Extract, in full, the lines below, beginning at the first and ending with the line that contains "Schlafzimmer mit großem französischen Bett". Pictures do not belong in the copy.

□ □ □ □

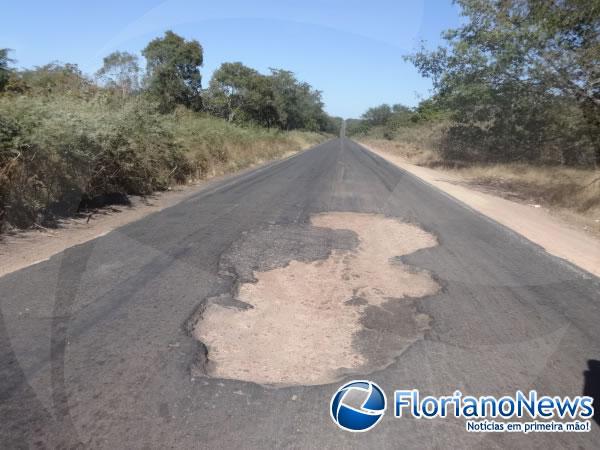 Buraco na pista provoca grave acidente na BR-343.(Imagem:FlorianoNews)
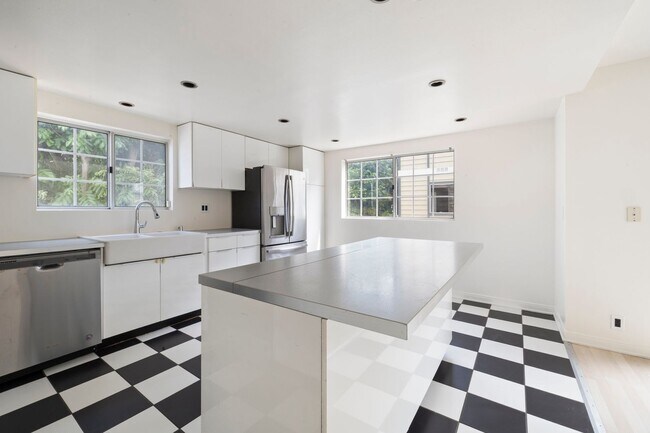 Building Photo - Beautiful 3-bedroom, 2.5-bath tri-level to...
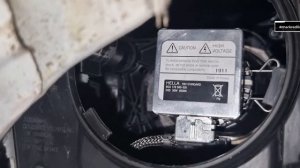How to change the Xenon headlamp globe on Audi a3 8V #audispecialist #markredlinemechanic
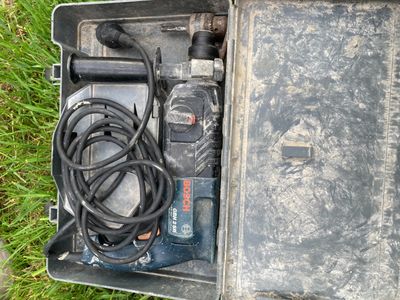 un outil dans une mallette posée dans l'herbe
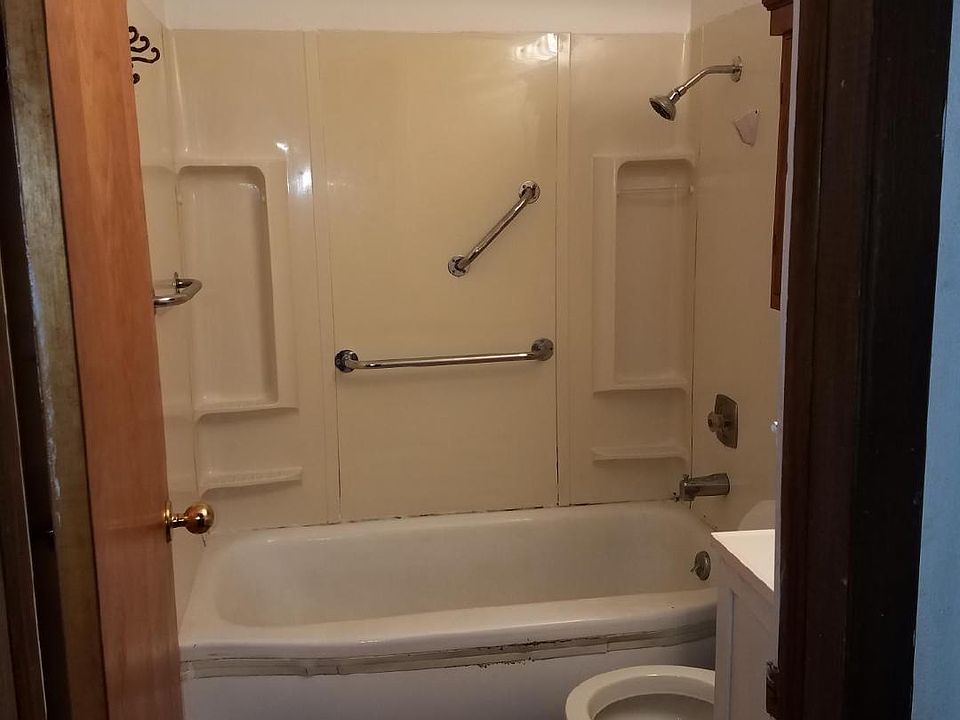 2nd image of 633 N Wesley St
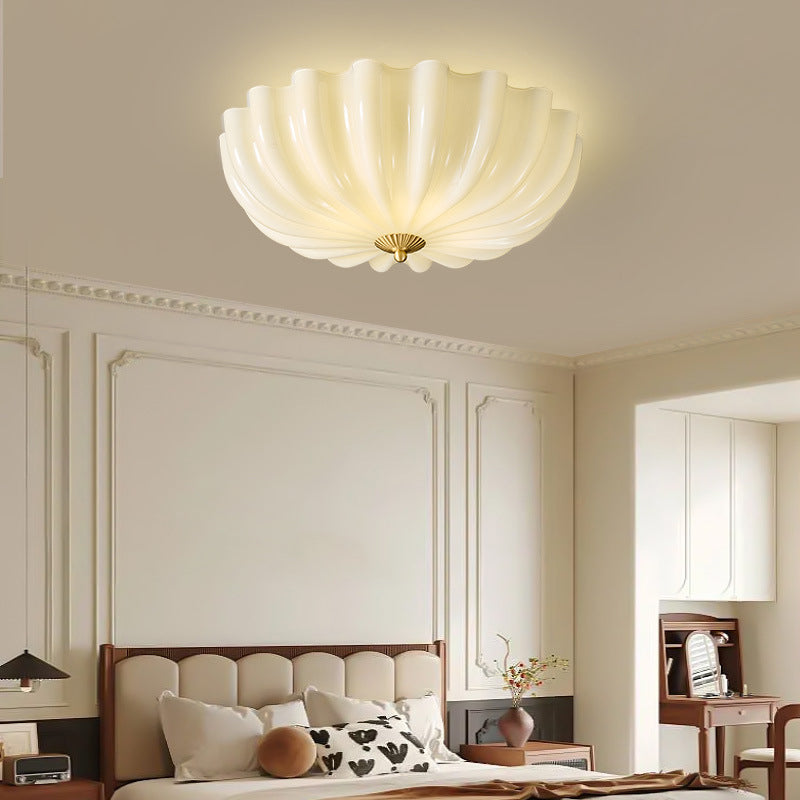 Zeitgenössische nordische Messing-Glas-Blütenblatt-förmige 3/4-Licht-Deckenleuchte für Wohnzimmer oder Schlafzimmer 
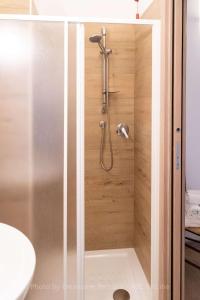 a shower with a glass door in a bathroom at AFFITTACAMERE RISTORANTE GUAITA SANT'EUTIZIO in Preci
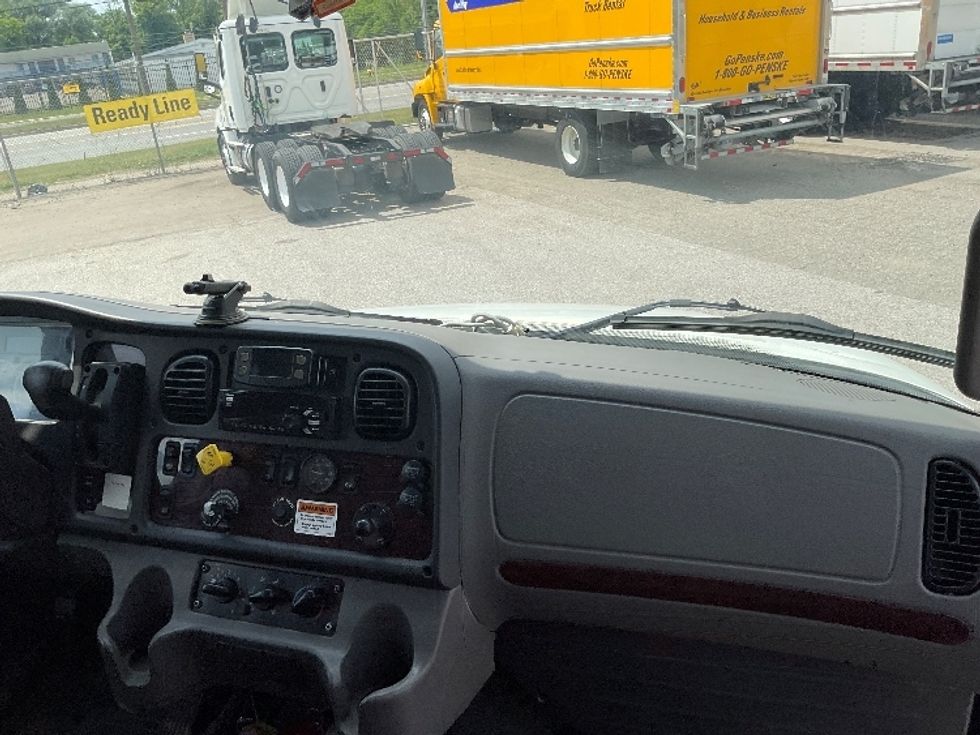 Medium Duty Box Truck-Light and Medium Duty Trucks-Freightliner-2021-M2-Saginaw-MI-187,861\n\t\tmiles-$ 57,000 - Image 21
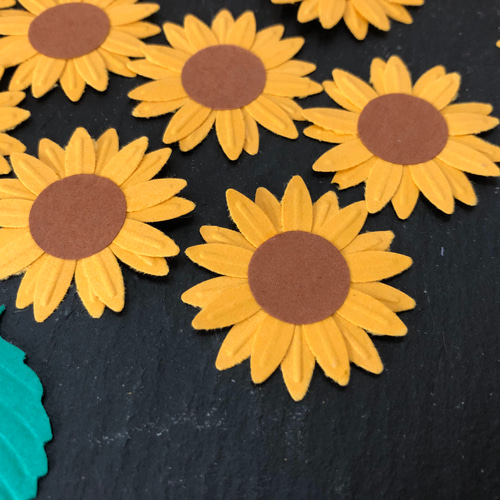 クラフトパンチ　ひまわり　オーダー受付中(*^_^*) クラフトパンチひまわり(50枚×2色) その他素材 ひつじ 通販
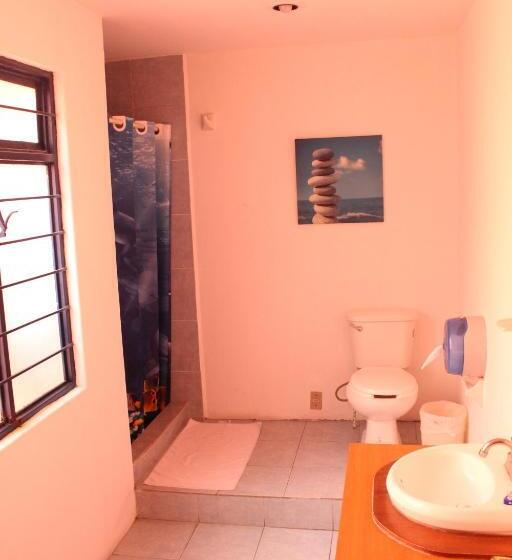 اتاق استاندارد با سرویس بهداشتی مشترک, Hostal La Encantada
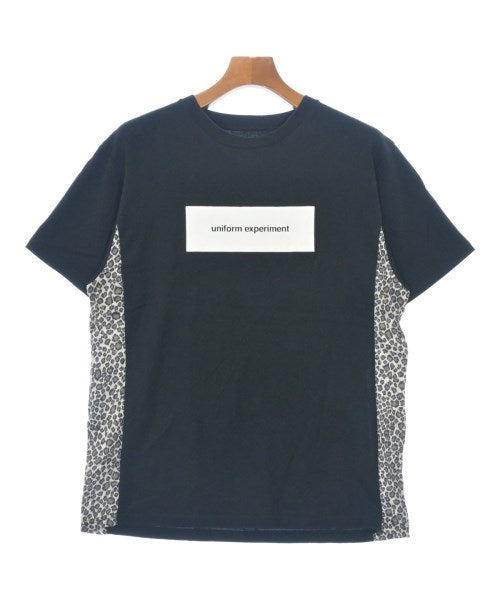uniform experiment เสื้อยืด/เสื้อท็อปส์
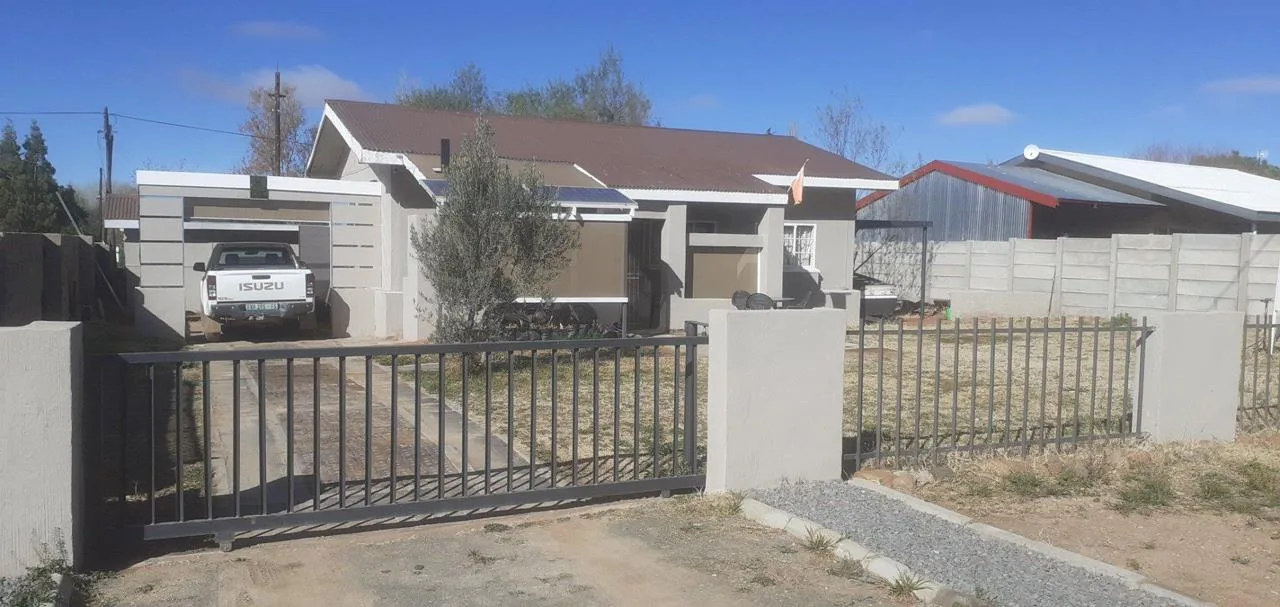 2 Bedroom House for sale in Orania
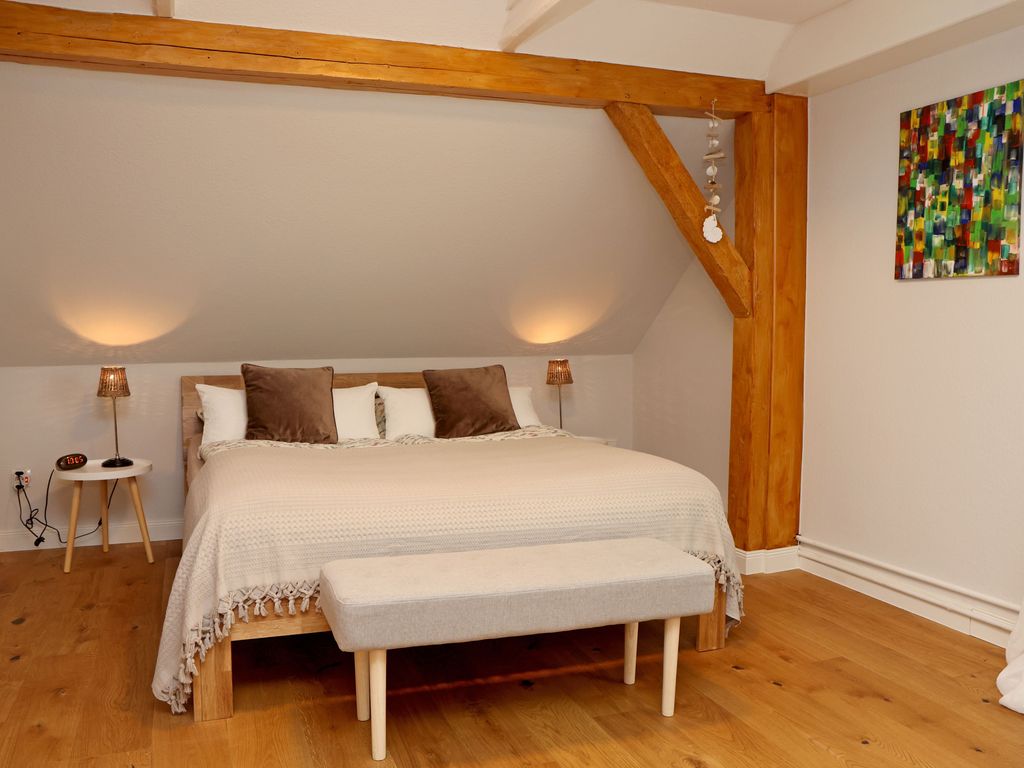 Schlafzimmer mit großem französischen Bett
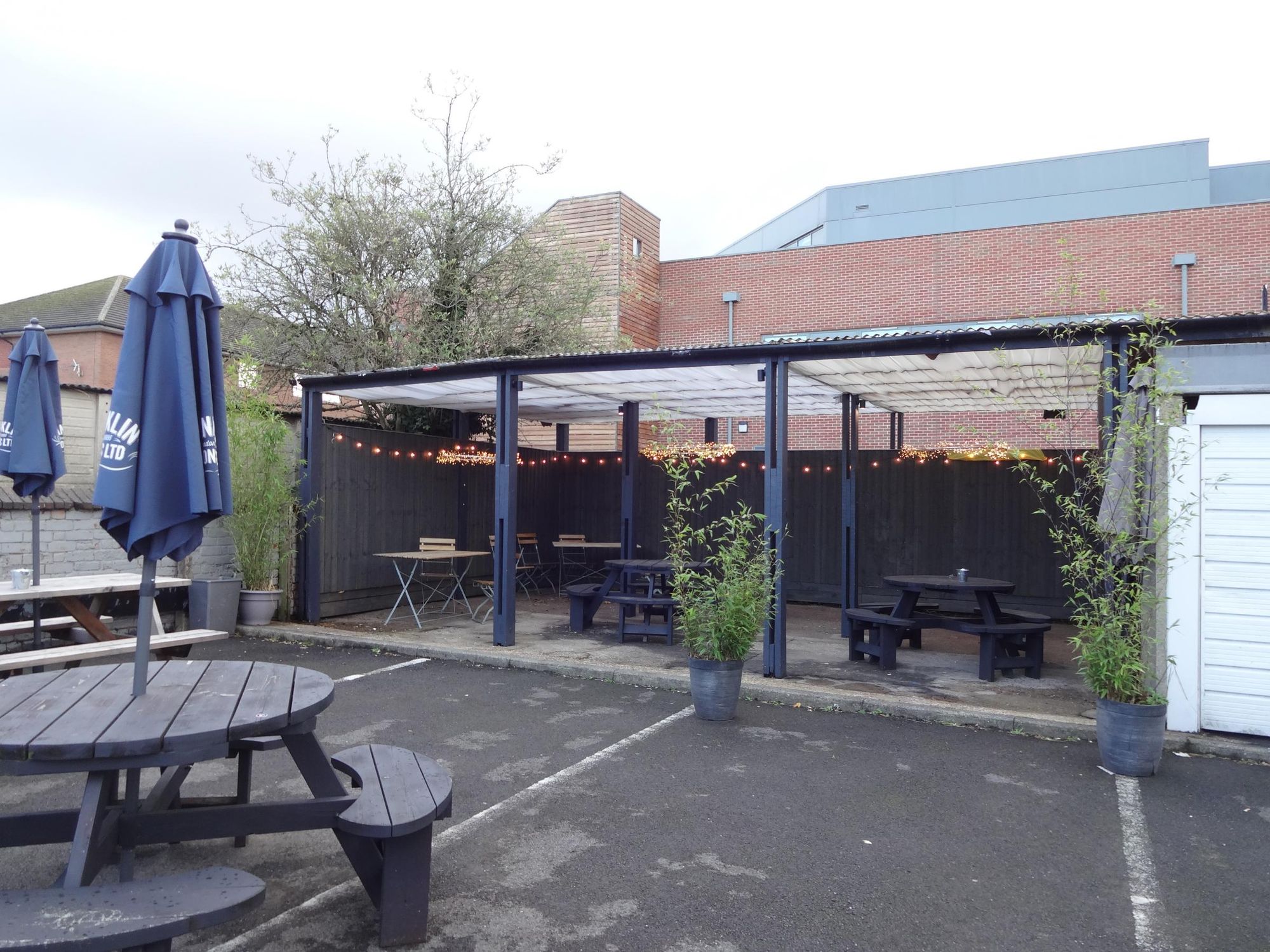 Undercover area at rear of pub October 2021. (External). Published on 31-10-2021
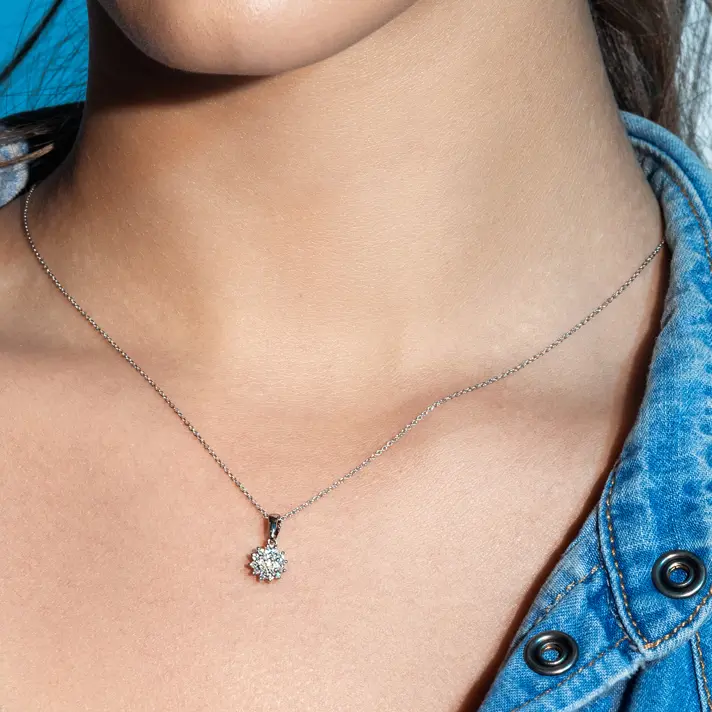 תליון שמש יהלומים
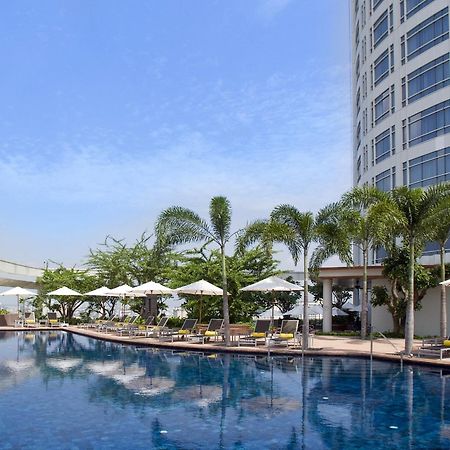 Centara Grand At Centralworld Bangkok Eksteriør bilde The pool at the hotel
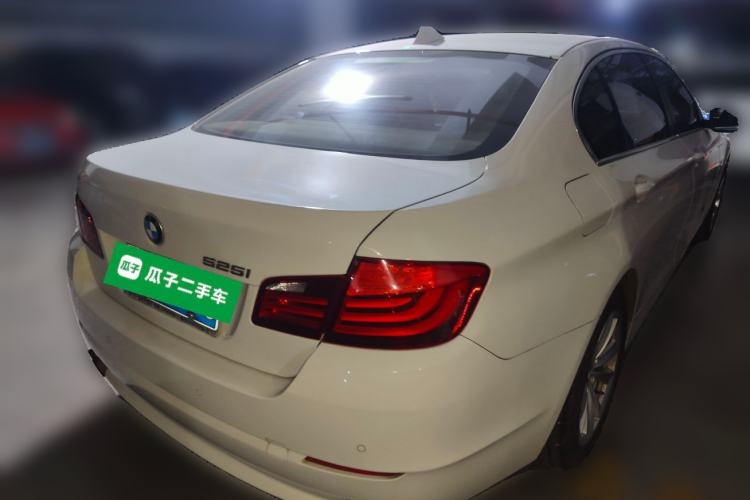 Used BMW 5 Series 2013 525Li Luxury Model Rear Right 45 Deg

□ □ □ □

Problem solution:
 Buraco na pista provoca grave acidente na BR-343.(Imagem:FlorianoNews)
 Building Photo - Beautiful 3-bedroom, 2.5-bath tri-level to...
How to change the Xenon headlamp globe on Audi a3 8V #audispecialist #markredlinemechanic
 un outil dans une mallette posée dans l'herbe
 2nd image of 633 N Wesley St
 Zeitgenössische nordische Messing-Glas-Blütenblatt-förmige 3/4-Licht-Deckenleuchte für Wohnzimmer oder Schlafzimmer 
 a shower with a glass door in a bathroom at AFFITTACAMERE RISTORANTE GUAITA SANT'EUTIZIO in Preci
 Medium Duty Box Truck-Light and Medium Duty Trucks-Freightliner-2021-M2-Saginaw-MI-187,861\n\t\tmiles-$ 57,000 - Image 21
 クラフトパンチ　ひまわり　オーダー受付中(*^_^*) クラフトパンチひまわり(50枚×2色) その他素材 ひつじ 通販
 اتاق استاندارد با سرویس بهداشتی مشترک, Hostal La Encantada
uniform experiment เสื้อยืด/เสื้อท็อปส์
 2 Bedroom House for sale in Orania
 Schlafzimmer mit großem französischen Bett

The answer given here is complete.